#### Data for this task ####

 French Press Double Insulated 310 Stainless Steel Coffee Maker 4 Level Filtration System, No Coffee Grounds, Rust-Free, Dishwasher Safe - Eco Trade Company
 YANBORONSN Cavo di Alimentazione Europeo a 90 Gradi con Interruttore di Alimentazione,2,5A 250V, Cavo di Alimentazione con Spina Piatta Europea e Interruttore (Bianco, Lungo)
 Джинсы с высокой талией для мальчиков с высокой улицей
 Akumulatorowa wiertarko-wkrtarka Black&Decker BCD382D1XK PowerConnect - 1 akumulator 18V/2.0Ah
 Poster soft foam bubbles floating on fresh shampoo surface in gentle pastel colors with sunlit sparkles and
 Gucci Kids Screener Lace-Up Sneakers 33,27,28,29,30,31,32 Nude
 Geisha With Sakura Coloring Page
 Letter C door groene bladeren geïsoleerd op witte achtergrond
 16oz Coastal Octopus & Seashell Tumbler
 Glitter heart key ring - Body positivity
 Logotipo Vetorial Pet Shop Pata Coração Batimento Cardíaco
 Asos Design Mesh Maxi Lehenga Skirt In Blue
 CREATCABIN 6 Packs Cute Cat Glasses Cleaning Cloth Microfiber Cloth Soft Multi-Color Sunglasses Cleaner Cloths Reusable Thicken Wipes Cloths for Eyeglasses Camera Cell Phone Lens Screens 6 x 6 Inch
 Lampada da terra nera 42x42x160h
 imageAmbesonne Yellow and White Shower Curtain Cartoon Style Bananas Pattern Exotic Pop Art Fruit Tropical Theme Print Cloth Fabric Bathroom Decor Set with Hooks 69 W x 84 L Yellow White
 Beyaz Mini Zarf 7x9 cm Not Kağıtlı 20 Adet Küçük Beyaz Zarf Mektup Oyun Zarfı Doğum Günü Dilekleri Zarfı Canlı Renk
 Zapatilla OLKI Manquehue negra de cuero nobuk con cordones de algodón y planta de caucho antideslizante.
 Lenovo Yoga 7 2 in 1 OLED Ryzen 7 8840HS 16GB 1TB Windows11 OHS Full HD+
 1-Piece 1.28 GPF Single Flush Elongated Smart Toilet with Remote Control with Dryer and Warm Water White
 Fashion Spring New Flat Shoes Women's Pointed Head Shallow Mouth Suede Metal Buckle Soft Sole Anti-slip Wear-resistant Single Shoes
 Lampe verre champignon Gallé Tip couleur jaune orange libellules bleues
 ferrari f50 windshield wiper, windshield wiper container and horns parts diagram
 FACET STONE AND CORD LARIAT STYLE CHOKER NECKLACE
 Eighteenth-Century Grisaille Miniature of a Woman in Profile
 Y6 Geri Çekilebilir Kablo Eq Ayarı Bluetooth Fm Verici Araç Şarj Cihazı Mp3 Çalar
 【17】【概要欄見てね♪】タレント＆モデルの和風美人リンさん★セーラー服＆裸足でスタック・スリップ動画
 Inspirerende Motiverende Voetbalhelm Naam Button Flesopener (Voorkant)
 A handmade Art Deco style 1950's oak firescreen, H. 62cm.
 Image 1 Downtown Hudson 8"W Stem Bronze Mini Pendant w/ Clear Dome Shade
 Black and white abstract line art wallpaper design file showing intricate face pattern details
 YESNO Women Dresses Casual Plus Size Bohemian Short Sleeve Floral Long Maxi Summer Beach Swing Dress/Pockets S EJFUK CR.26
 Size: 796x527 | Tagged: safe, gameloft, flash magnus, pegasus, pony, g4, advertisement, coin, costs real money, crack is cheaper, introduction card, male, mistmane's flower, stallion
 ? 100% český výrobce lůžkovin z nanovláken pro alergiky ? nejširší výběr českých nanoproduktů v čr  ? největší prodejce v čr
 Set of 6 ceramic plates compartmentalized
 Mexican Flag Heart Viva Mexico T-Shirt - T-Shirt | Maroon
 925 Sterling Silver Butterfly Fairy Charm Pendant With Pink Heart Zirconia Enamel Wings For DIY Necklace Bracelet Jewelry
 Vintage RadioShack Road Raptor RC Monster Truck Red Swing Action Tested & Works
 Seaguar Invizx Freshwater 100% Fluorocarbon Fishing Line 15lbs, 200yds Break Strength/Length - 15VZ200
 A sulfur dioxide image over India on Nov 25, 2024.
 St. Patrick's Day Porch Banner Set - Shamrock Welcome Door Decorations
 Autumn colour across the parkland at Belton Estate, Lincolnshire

####

▸ **Your instructions**:
Show all lines from the data above in which the word "Maxi" appears.

▸ **Result of this task**:
 Asos Design Mesh Maxi Lehenga Skirt In Blue
 YESNO Women Dresses Casual Plus Size Bohemian Short Sleeve Floral Long Maxi Summer Beach Swing Dress/Pockets S EJFUK CR.26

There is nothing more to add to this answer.